奥巴马却意外地打败了白人敌手,历史性地成为第一位美国黑人总统。究其因是希拉里的弱点被认为是克林顿政治的延续,虽然他是一位杰出的政治精英。而共和党的麦凯恩虽曾被美国人誉为越战时的英雄(曾在越南被监禁,后光荣回国),也是一位政治高手,但输在年纪过大(72岁)。他想再创里根(也是共和党80年代的总统。当选时已是69岁)的当选历史。无奈美国选民已经年轻化,他们不再相信里根的保守主义足以拯救陷入水深火热的经济危机。他们把经济当成国家头等大事,不再以肤色来判定候选人的优劣;尤其是奥巴马打出“改变”(Change)牌后,吸引了万千的美国年轻选民和妇女的支持。因为他们要的是让一位优秀的年轻人来收拾烂摊子,以打掉布斯政府的保守主义政策。在美国人的眼中,布斯延续了里根的保守主义,让自由经济放任而捅出大漏子,一间间公司排队破产。数目之大,令人目瞪口呆。就这样,年纪大的麦凯恩即便占白人选民最多的优势,也不成为首选了。反而认为麦凯恩是保守主义的右派,不如让中间偏左的奥巴马来一个改变。

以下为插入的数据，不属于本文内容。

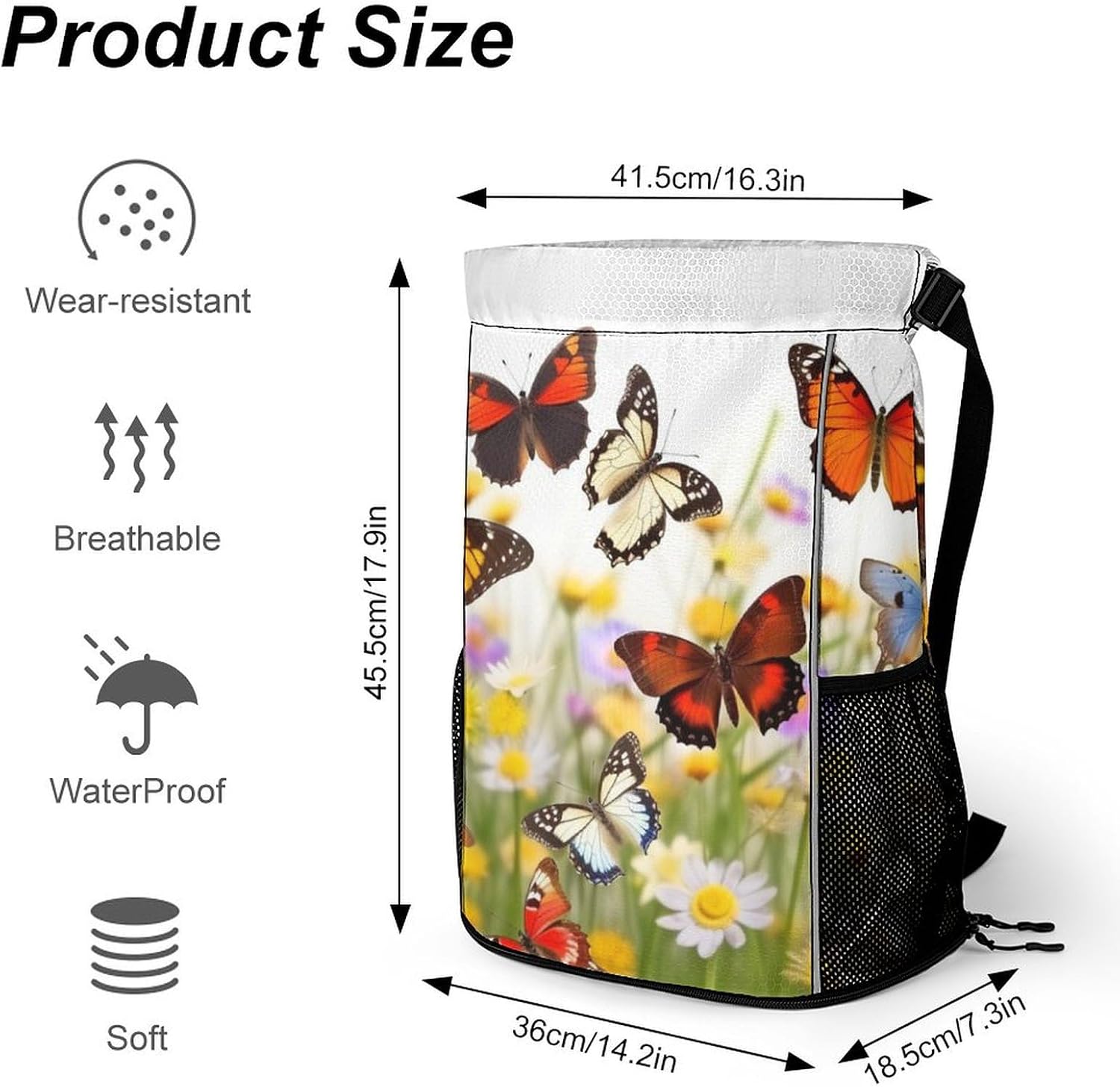 Group of Butterflies Drawstring Backpack Sports Gym Bag Dry And Wet Separation String Sackpack Bag for Women Men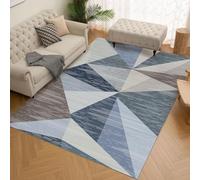 QJDTZMD Alfombra Salón 160 x 230 cm Alfombras Rectangular Antideslizantes y Lavable Decorativas Alfombra para Cocina Habitación Comedor Modern Geometric Blue Gray Beige Brown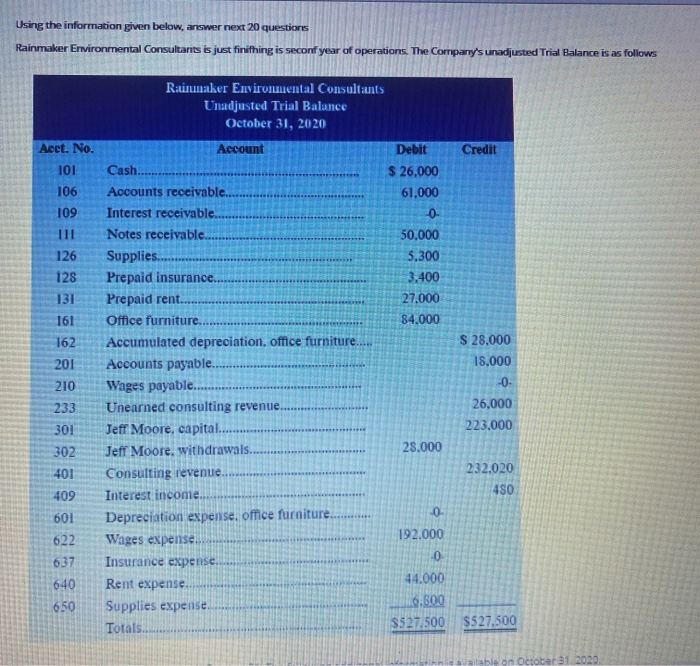  please answer these questions Using the information given below, answer next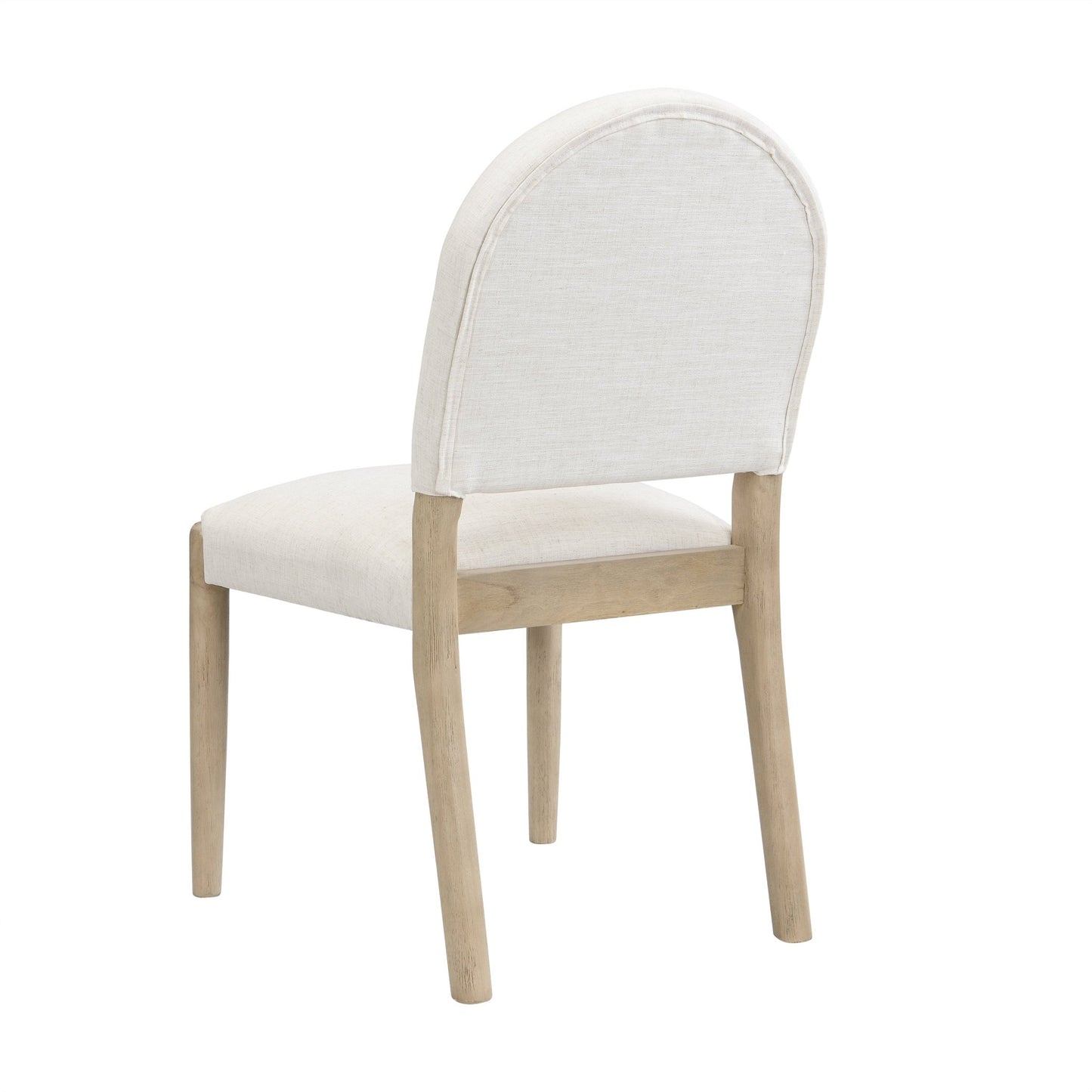 Dining Chairs with Back Mid Century Fabric Upholstered Armless Dining Room Side Chairs Set of 2 - Light Ash+Beige - 1st Choice Furniture Direct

在以国家利益为重下,美国选民抛开了种族政治,而是用现代眼光来看待政治,扶起了一个黑人总统。
这意味着非种族政治打胜了种族政治。美国人因而欢呼改变的到来,全世界也同样额手称庆,终于看到美国人愿意改变了。
马来西亚在308大选时,也是对种族政治给予巨大的冲击,而非种族政治也首次发挥了威力。奥巴马的胜利,自然加速马来西亚也要改变。副首相纳吉开口说了,他在接手领导后,也要学奥巴马使巫统改变。因为只有改变,才能迎合人民的要求。这是一个正面的回应,显示保守主义政策行不通,也证明不但反对党在追求改变,甚至连执政党也要变。正如纳吉所说,政府若不改变,就等着人民来改变。奥巴马产生的效应也同样刺激首相阿都拉,他说,在马来西亚,只要得到人民的支持,任何人也都可以出任首相。
这话在理论上可以成立,但在马来西亚的现实环境,非马来人尚无此念头,也知道“言易行难”。他们不是要争第一把交椅,所要的改变是出现一个平权的社会,让每位马来西亚人,都能拥有相同的权利在这个国家生存和发展,不再有什么寄居论调发出的怪音。
总而言之,寄居论、种族政治及政治王朝在奥巴马的光芒下,已显得黯然失色和靠边站了。